La partition de la cantate est conservée à la Bibliothèque royale et a été composée en 1779 pour la princesse des Asturies de l'époque, María Luisa de Parma. Cependant, l'œuvre est restée anonyme pendant près de 250 ans, depuis son entrée à la Bibliothèque royale en tant que partie de la collection de musique de la Chambre royale au 18e siècle. Son identification a été rendue possible grâce à l'apparition aux enchères d'un livret portant le même titre, le même type d'écriture et la même reliure, et dans lequel il était fait référence à l'auteur.

Maria Rosa Coccia compte parmi les plus importants compositeurs italiens du XVIIIe siècle. Enfant prodige de la musique, elle compose à 12 ans six sonates pour clavecin dédiées au prince anglais Charles E. Stuart. À 13 ans, elle a créé une autre de ses œuvres à l'oratoire de San Filippo Neri à Rome, une ville où les femmes n'avaient pas le droit d'assister à de telles représentations. Son intelligence et sa détermination lui ont permis de surmonter les obstacles que les femmes de l'époque rencontraient pour faire carrière dans la musique. En fait, elle a été la première femme à obtenir le titre de Maestro di Capella à Rome, qui était indispensable pour devenir un musicien professionnel dans la ville. Et le deuxième à être admis à l'Académie philharmonique de Bologne en 1779.

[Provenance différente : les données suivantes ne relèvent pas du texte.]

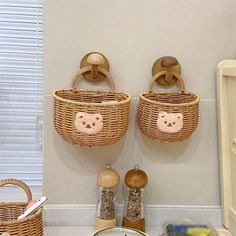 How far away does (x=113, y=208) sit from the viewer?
1.07 meters

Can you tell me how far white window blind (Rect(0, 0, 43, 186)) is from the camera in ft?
4.41

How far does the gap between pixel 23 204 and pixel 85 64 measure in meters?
0.46

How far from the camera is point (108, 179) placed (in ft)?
3.40

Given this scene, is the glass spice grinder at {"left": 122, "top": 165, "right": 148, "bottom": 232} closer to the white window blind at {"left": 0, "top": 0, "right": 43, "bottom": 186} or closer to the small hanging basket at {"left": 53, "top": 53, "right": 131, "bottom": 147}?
the small hanging basket at {"left": 53, "top": 53, "right": 131, "bottom": 147}

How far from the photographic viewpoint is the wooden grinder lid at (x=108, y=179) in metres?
1.04

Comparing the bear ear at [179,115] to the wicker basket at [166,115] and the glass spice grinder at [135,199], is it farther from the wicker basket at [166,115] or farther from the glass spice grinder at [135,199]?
the glass spice grinder at [135,199]

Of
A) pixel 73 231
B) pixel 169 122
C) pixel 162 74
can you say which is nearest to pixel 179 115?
pixel 169 122

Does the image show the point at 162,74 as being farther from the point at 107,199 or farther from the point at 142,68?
the point at 107,199

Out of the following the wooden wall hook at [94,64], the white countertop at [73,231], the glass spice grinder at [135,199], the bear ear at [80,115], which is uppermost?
the wooden wall hook at [94,64]

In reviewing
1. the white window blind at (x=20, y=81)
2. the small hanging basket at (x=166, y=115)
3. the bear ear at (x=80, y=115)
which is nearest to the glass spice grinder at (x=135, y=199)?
the small hanging basket at (x=166, y=115)

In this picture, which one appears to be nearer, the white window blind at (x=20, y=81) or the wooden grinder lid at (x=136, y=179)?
the wooden grinder lid at (x=136, y=179)

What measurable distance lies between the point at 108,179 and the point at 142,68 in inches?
14.2

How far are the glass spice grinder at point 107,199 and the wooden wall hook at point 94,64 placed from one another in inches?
11.1

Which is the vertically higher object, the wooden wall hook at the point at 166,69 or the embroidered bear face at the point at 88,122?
the wooden wall hook at the point at 166,69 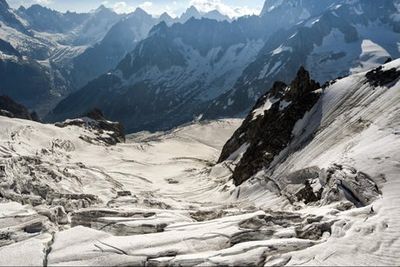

Elle a dédié des œuvres aux membres de l'élite européenne, en particulier aux femmes, pour en assurer la diffusion. C'est le cas d'Iphigénie, dédiée à Maria Luisa de Parme. Le fait que le système ait fonctionné montre l'importance des réseaux de femmes dans la protection et la promotion de l'activité professionnelle d'autres femmes.